Page 99 or What can one page tell you?


While at Uncle Hugo’s last weekend with Jon Hansen, he told me about the book he was reading, “The Forever War.”

“How is it?” I asked.
He handed a copy to me off the shelf. Duh. We were standing right in front of it. I did what I do with any book I’m considering. I opened and started reading. In this case, it was page 1, and this was the line:

"Today we're going to show you eight silent ways to kill a man."

That’s a damn good line, I thought. I’d buy that book. (Fortunately Jon has agreed to lend me his copy when he’s done.)

So apparently, when book shopping, I don’t really give most books a big chance. I don’t want to read a hundred pages to decide if it’s a good book or not (I know many people who do). But—if the line or paragraph gets my attention, if the writing is so good I want to turn the page and see what happens next—I might purchase the book. If not, the book goes back on the shelf. 

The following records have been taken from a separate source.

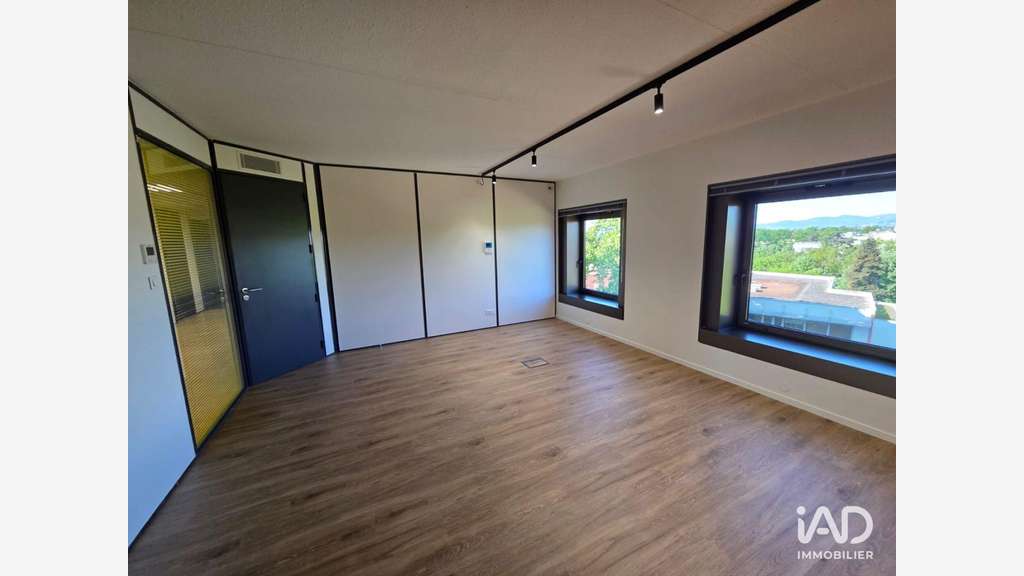 A louer local médical 22m² à Écully Parc Européen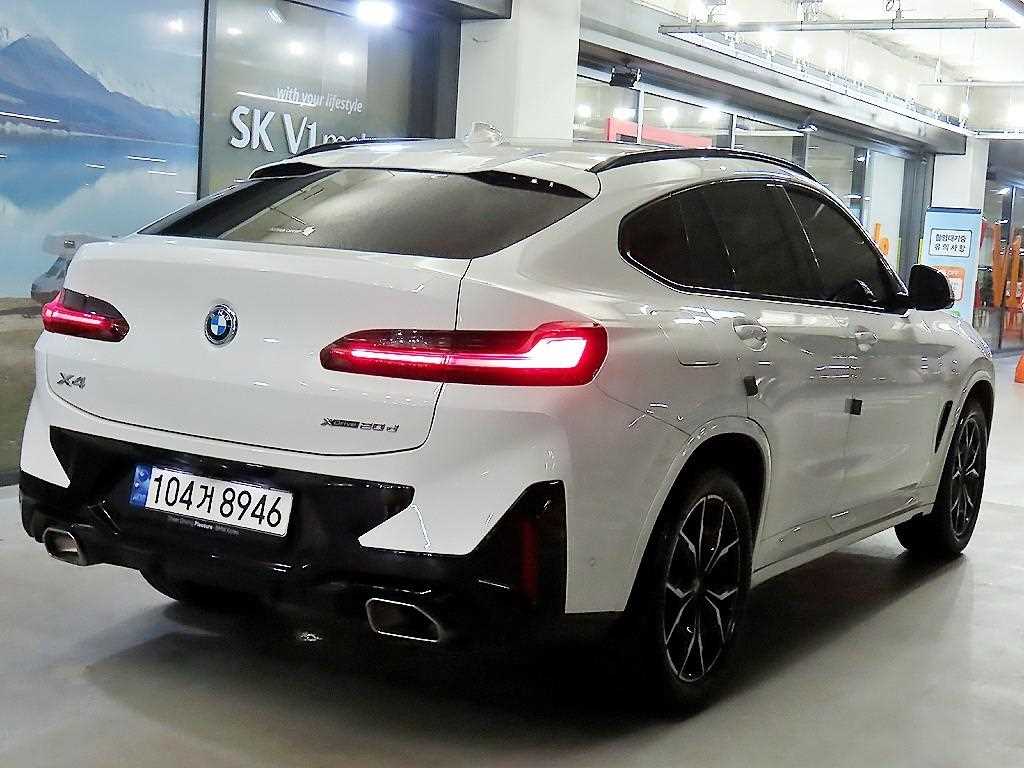 BMW X4 - Vista 4
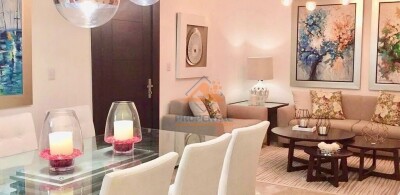 Apartamento de venta en 5to nivel "Torre Don Antonio" La Esmeralda, Santiago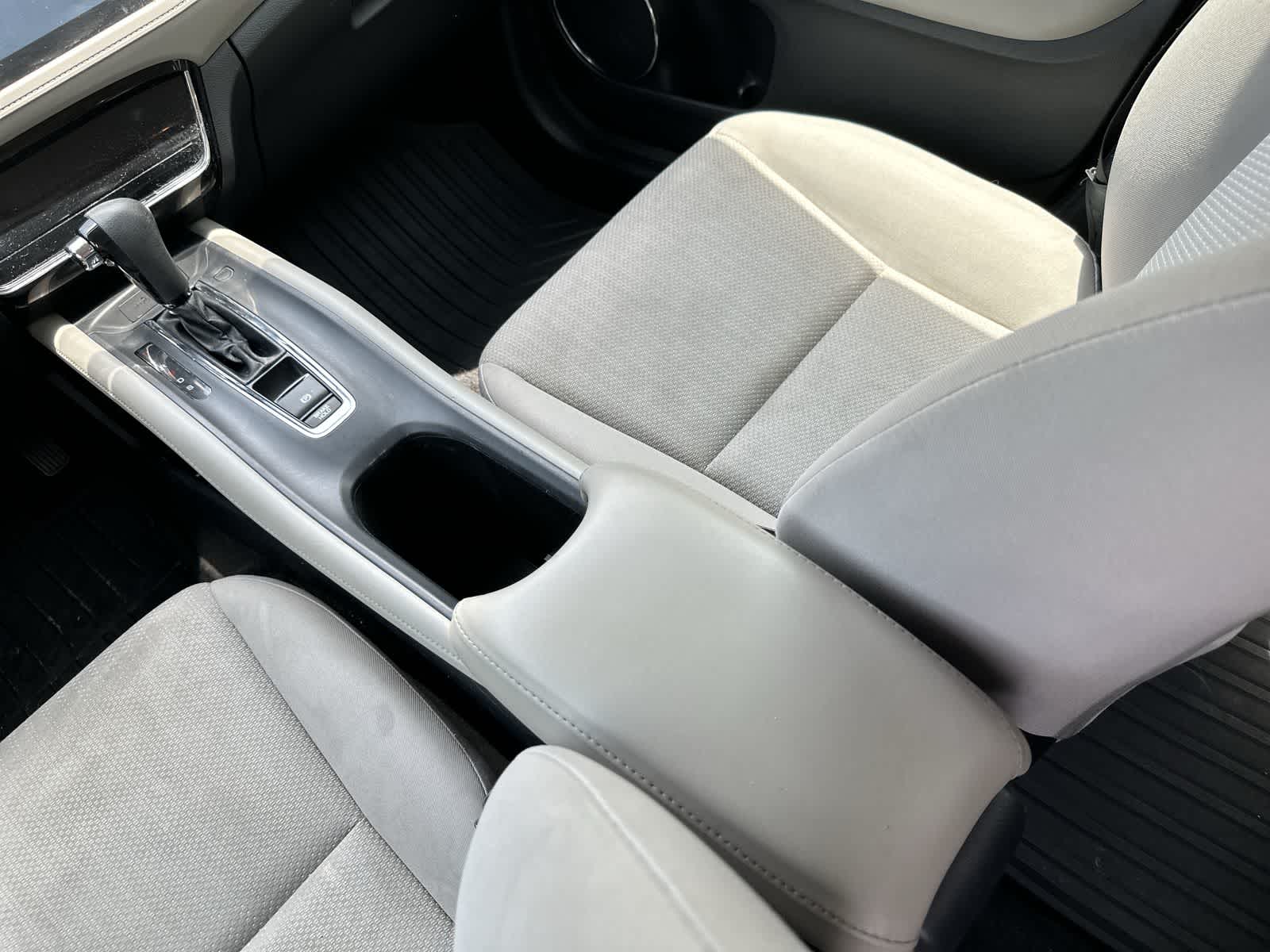 Thumbnail: 2018 Honda HR-V - 16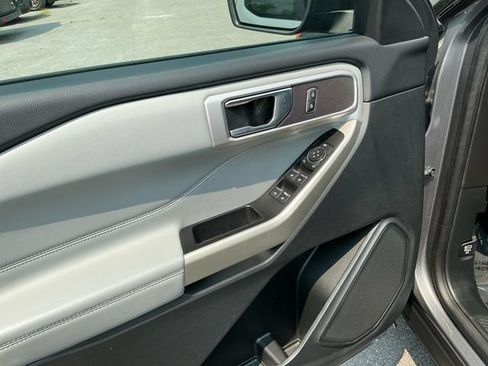 Used 2021 Ford Explorer XLT w/ Equipment Group 202A AWD/4WD image 11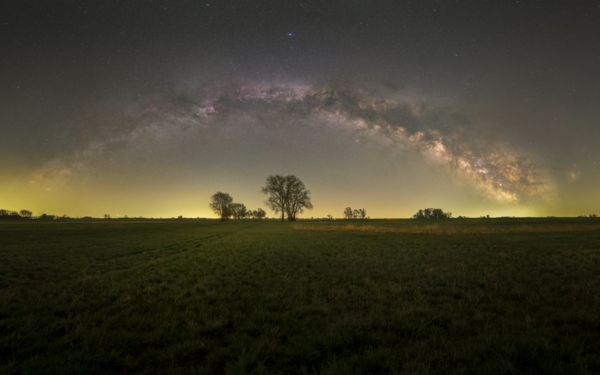 Pusztuló éjszakák: Tejút-panoráma a Kiskunsági Nemzeti Parkból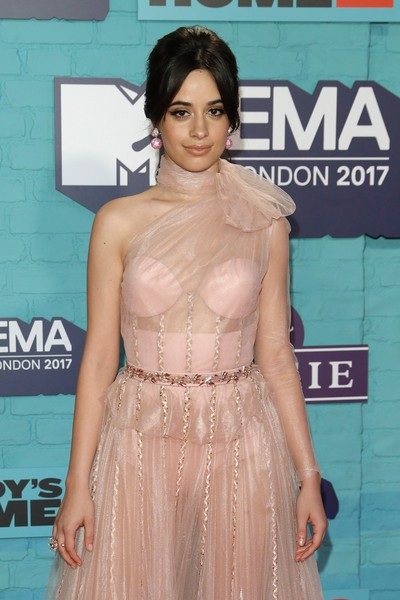 Tình cũ Justin Bieber khoe chân dài nõn nà - 18
Camila Cabello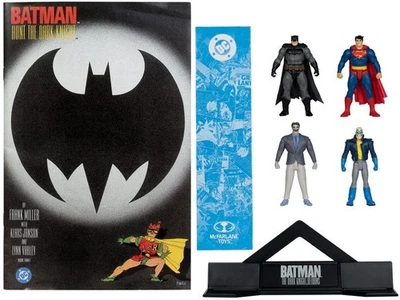 DC Page Punchers 蝙蝠侠蝙蝠侠超人和小丑之子可动人偶 4 件装 — 第 1/3 张图片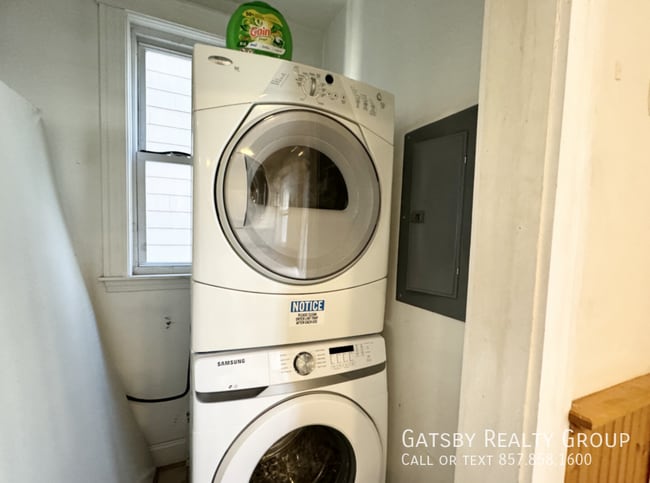 Photo - 35 Hillside St Unit 1R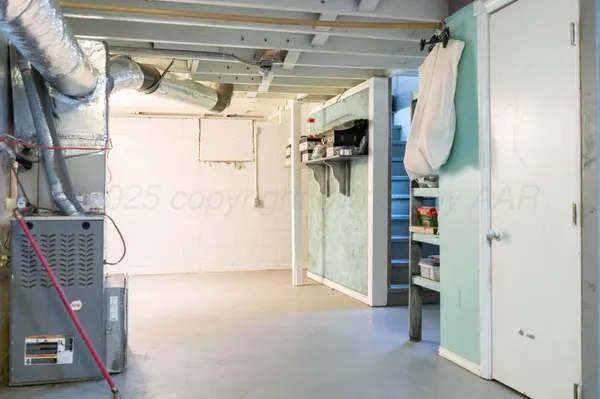 $98,000 | 205 South Main Street, Wheeler, TX 79096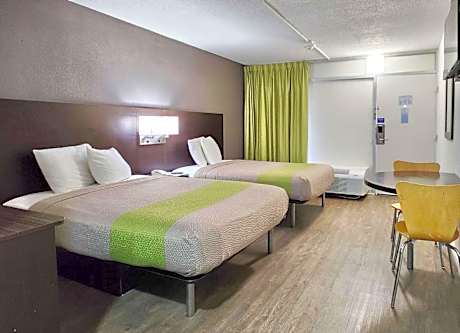 Quadruple Room - Non-Smoking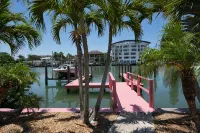 3 min to beach ~ pool ~ free parking - Condos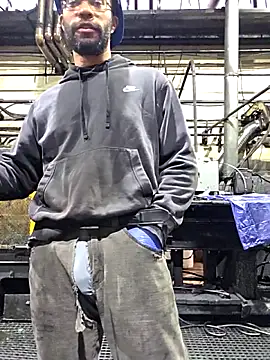 Snapshot of Justahungdad chatting on 13, 10, 2025 Justahungdad online show from 13, 10, 2025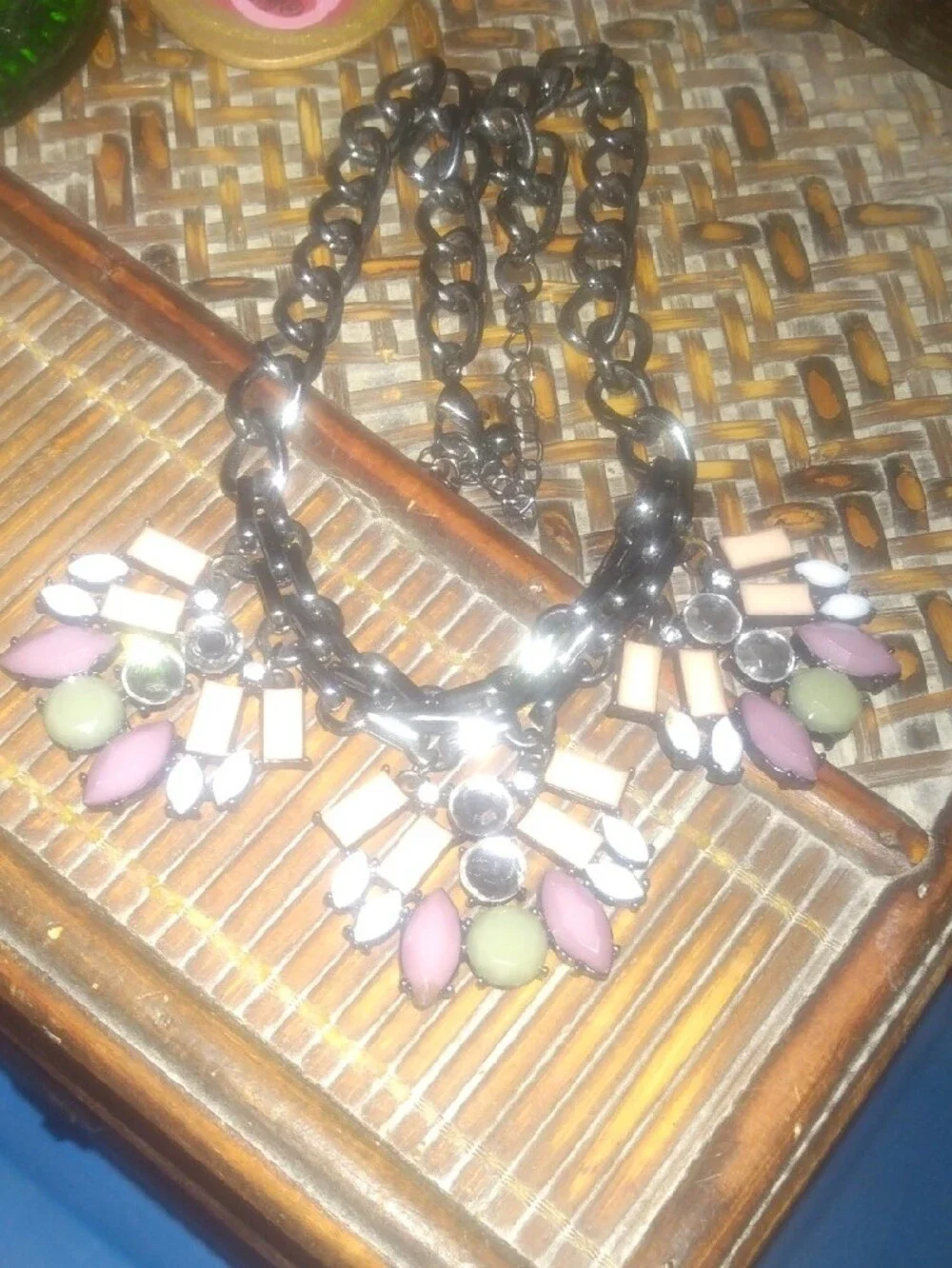 Stella & Dot Pink, Peach & Green Cluster Bib Necklace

This made me wonder about my writing—and I’ll ask you writer-types the same questions. So what happens when you pick up your work and open to any page and read any line or paragraph? Do you like what you find and want to keep reading? Will your readers?

For me and my own work, it depends on the page. I sometimes am surprised and think, “Gee, that’s good. Where did that even come from?” Other times I want to put my own work back on the shelf (but I can’t. It means back to the writing desk).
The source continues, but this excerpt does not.